--- Records to use Enclosed Below ---
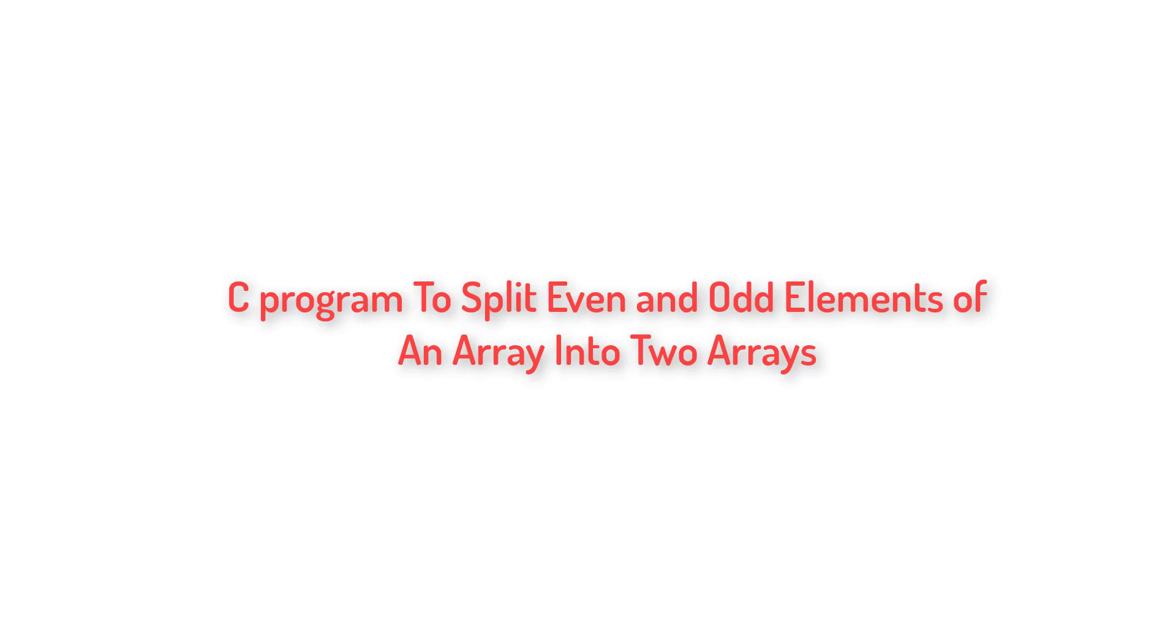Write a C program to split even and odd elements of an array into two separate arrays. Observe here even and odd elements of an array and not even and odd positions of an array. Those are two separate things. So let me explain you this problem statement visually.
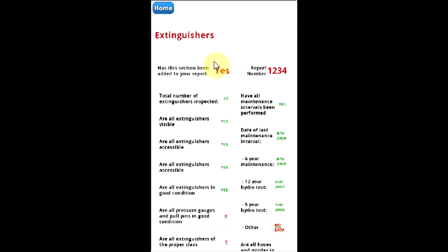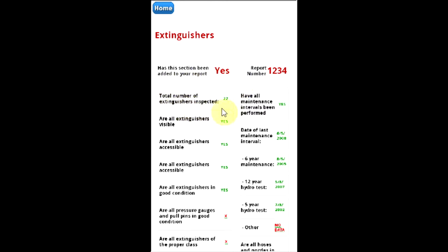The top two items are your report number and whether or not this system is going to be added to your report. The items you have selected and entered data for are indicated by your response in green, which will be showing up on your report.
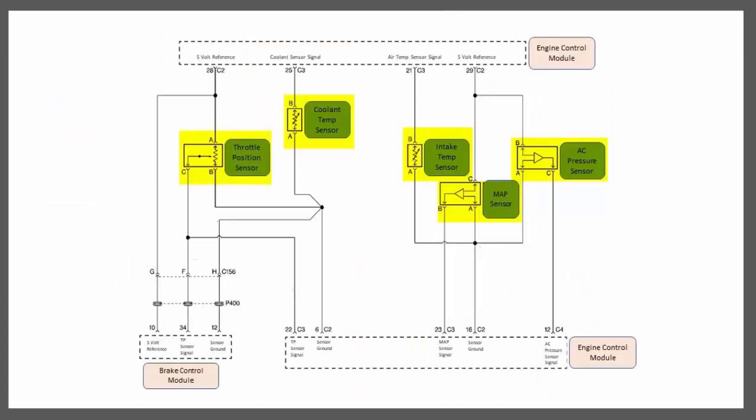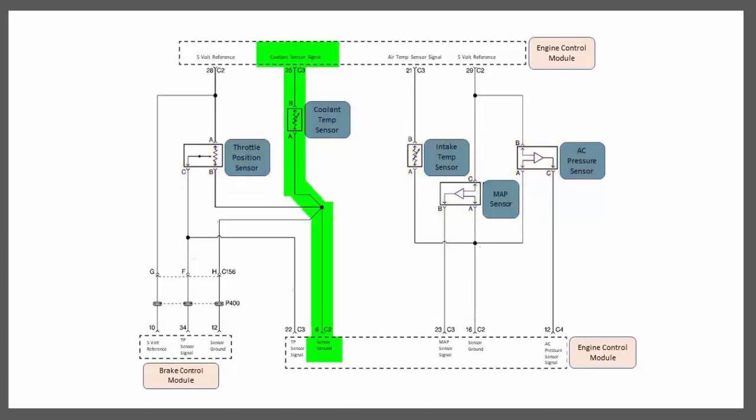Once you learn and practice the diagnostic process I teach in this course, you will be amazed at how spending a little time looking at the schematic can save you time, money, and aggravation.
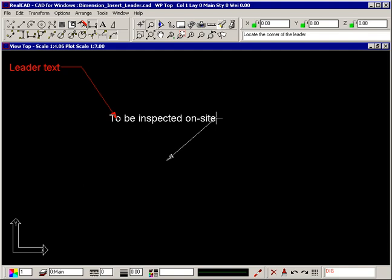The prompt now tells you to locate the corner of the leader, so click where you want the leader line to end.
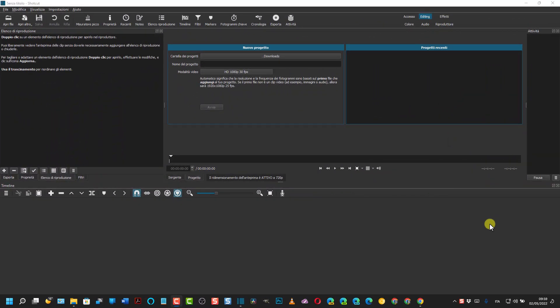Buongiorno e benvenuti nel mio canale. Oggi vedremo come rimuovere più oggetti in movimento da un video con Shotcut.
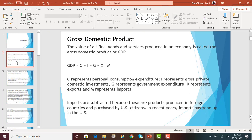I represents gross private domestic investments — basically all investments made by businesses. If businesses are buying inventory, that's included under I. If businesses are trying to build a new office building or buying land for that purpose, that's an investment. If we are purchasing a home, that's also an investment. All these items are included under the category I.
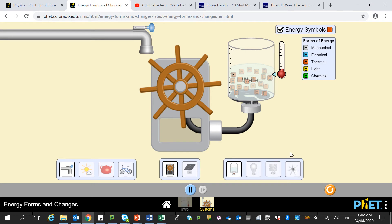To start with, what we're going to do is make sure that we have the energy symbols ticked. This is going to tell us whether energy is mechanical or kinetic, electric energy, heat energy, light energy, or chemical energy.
--- End of Enclosed Records to use ---
Exercise requirements >>
In the records above, find the line containing "Buongiorno e benvenuti" and output every line from the first through that one, exactly, omitting pictures.

Task output >>
Write a C program to split even and odd elements of an array into two separate arrays. Observe here even and odd elements of an array and not even and odd positions of an array. Those are two separate things. So let me explain you this problem statement visually.
The top two items are your report number and whether or not this system is going to be added to your report. The items you have selected and entered data for are indicated by your response in green, which will be showing up on your report.
Once you learn and practice the diagnostic process I teach in this course, you will be amazed at how spending a little time looking at the schematic can save you time, money, and aggravation.
The prompt now tells you to locate the corner of the leader, so click where you want the leader line to end.
Buongiorno e benvenuti nel mio canale. Oggi vedremo come rimuovere più oggetti in movimento da un video con Shotcut.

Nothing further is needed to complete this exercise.